其の大体を申さば、入るを量りて出づるを制するの外、更に他の術数無し。
一歳の入るを以て、百般の制限を定め、会計を総理する者、身を以て制を守り、定制を超過せしむ可からず。
否らずして、時勢に制せられ、制限を慢にし、出るを見て入るを計りなば、民の膏血を絞るの外有る間敷也。然らば仮令事業は、一旦進歩する如く見ゆるとも、国力疲弊して済救す可からず。
<訳>
会計出納(金の出し入れ)は、すべての制度の基本であって、あらゆる事業はこれによって成り立ち、秩序ある国家を創る上で最重要事であるから、慎重にしなければならない。

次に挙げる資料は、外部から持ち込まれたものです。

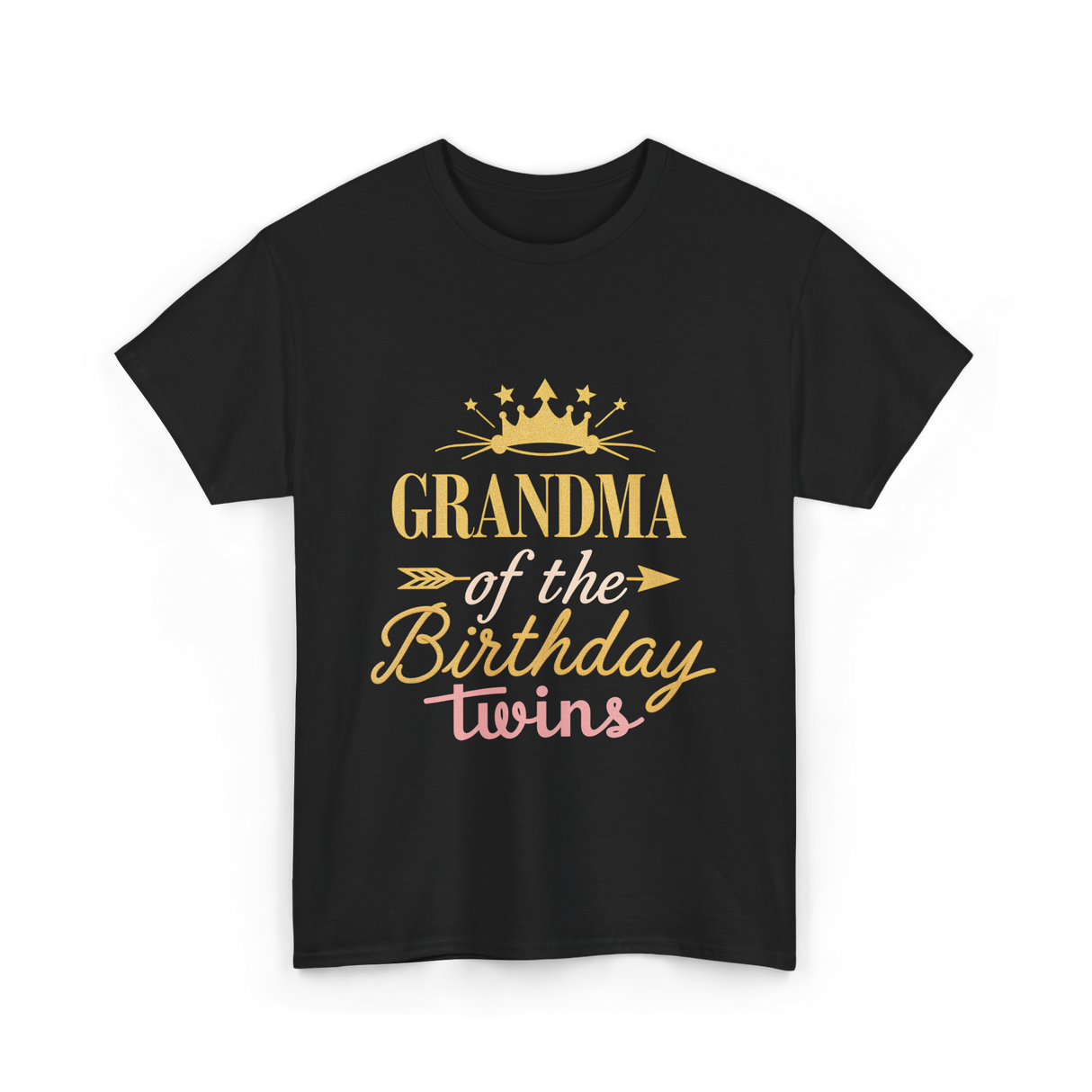 Grandma Of The Birthday Twins Celebration T-Shirt - Black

その方法を申すならば、収入の範囲内で、支出を押えるという以外に手段はない。
総ての収入の範囲で事業を制限して、会計の総責任者は一身をかけてこの制度を守り、定められた予算を超えててはならない。
そうでなくして時勢にまかせ、制限を緩かにして、支出を優先して考え、それに合わせ収入を計算すれば、結局国民から重税を徴収するほか方法はなくなるであろう。
もしそうなれば、たとえ事業は一時的に進むように見えても国力が疲弊して、ついには救い難い事になるであろう。
今の政治家、役人は、良く良く傾聴すべし。